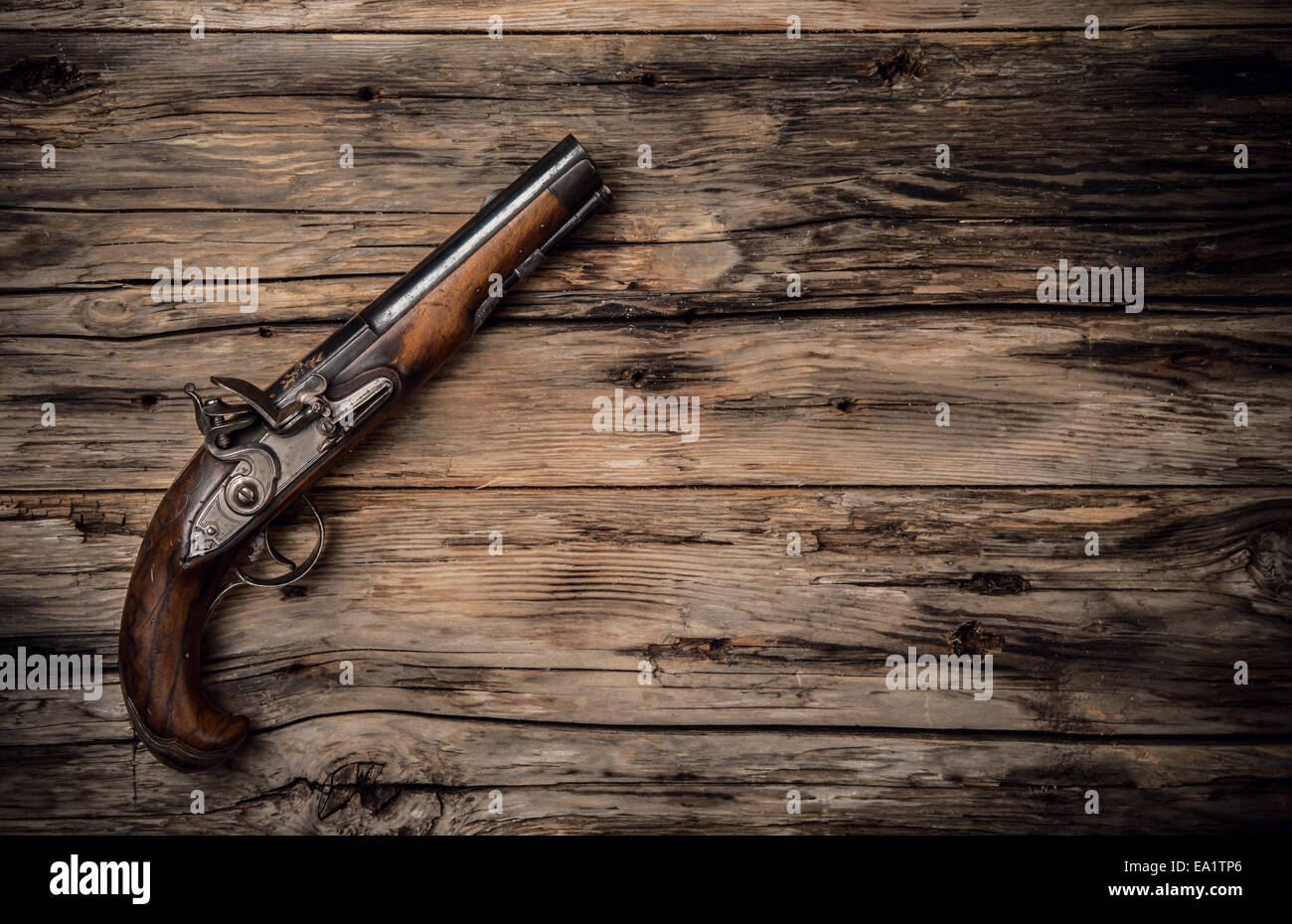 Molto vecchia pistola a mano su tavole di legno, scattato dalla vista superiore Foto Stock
* * *
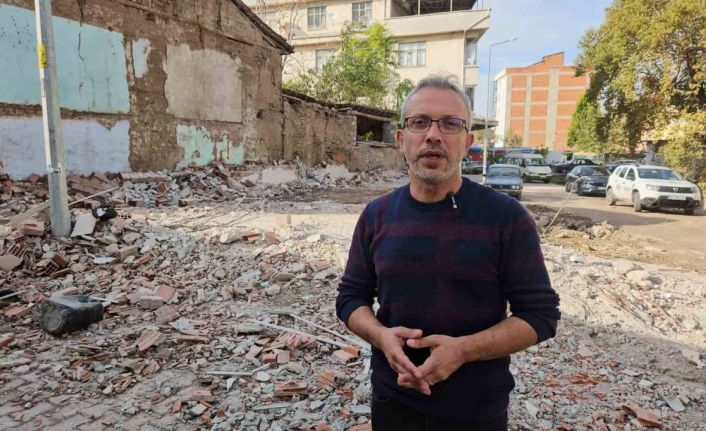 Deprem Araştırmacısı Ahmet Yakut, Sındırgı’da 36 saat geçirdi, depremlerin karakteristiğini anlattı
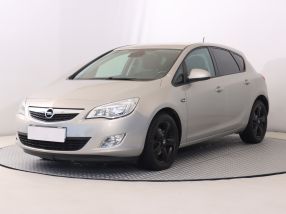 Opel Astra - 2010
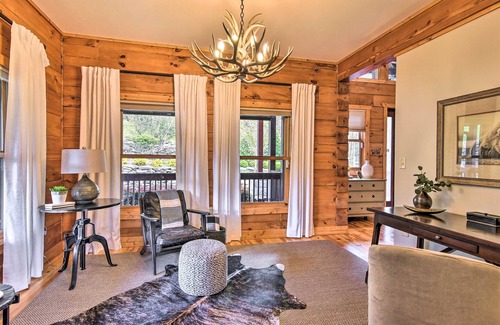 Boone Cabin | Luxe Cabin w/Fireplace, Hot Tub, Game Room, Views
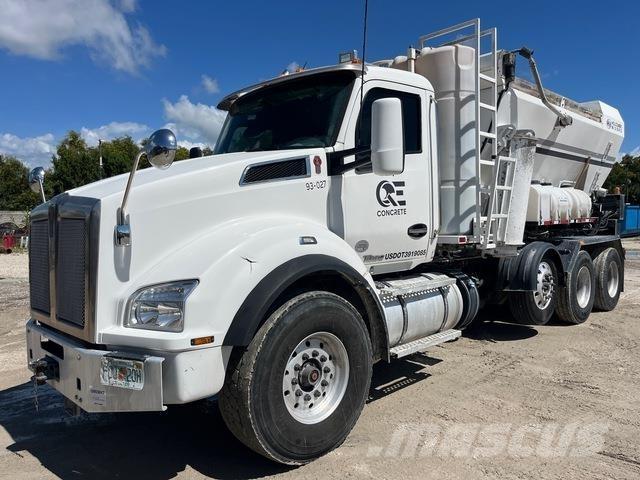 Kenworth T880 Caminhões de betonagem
--
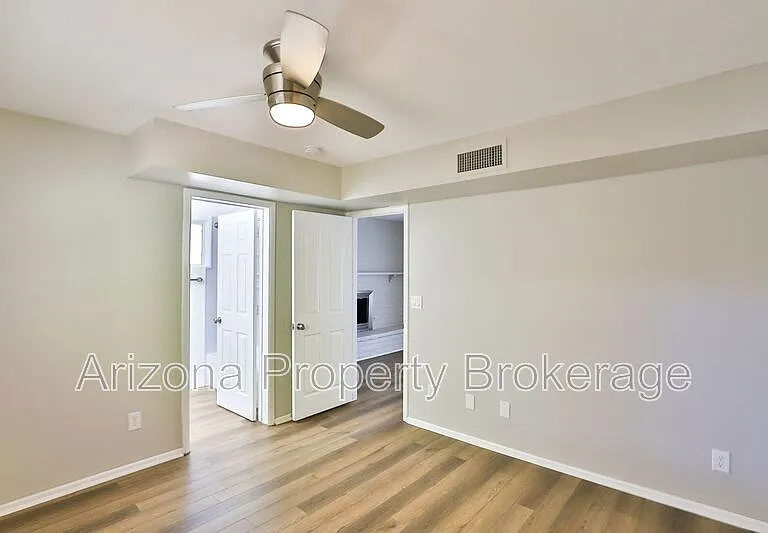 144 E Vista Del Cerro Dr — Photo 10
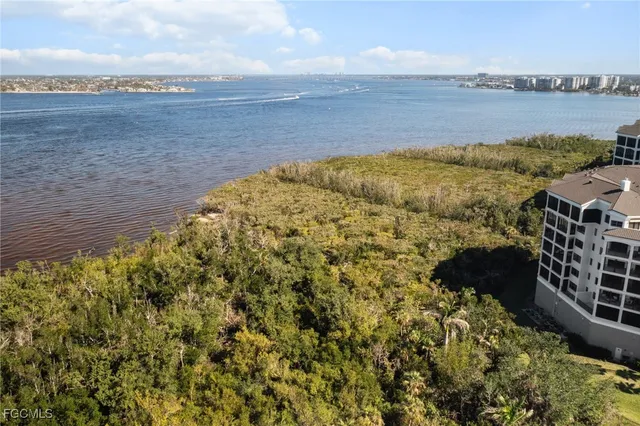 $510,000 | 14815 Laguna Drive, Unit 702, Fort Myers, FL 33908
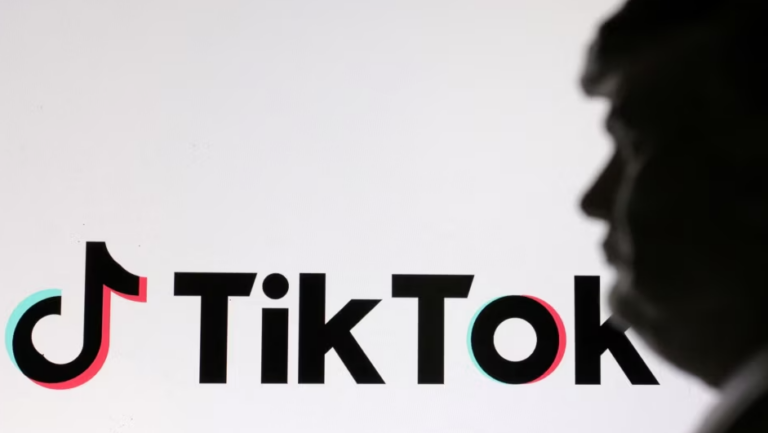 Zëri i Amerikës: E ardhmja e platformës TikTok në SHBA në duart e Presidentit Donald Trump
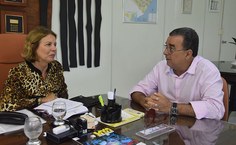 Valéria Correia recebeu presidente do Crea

▶ _Task_
From the data above, return exactly the lines from the one with "Zëri i Amerikës: E" up to and including the one with "Valéria Correia recebeu presidente do Crea". Pictures do not go in the copy.

▶ _Answer for this exercise_
 Zëri i Amerikës: E ardhmja e platformës TikTok në SHBA në duart e Presidentit Donald Trump
 Valéria Correia recebeu presidente do Crea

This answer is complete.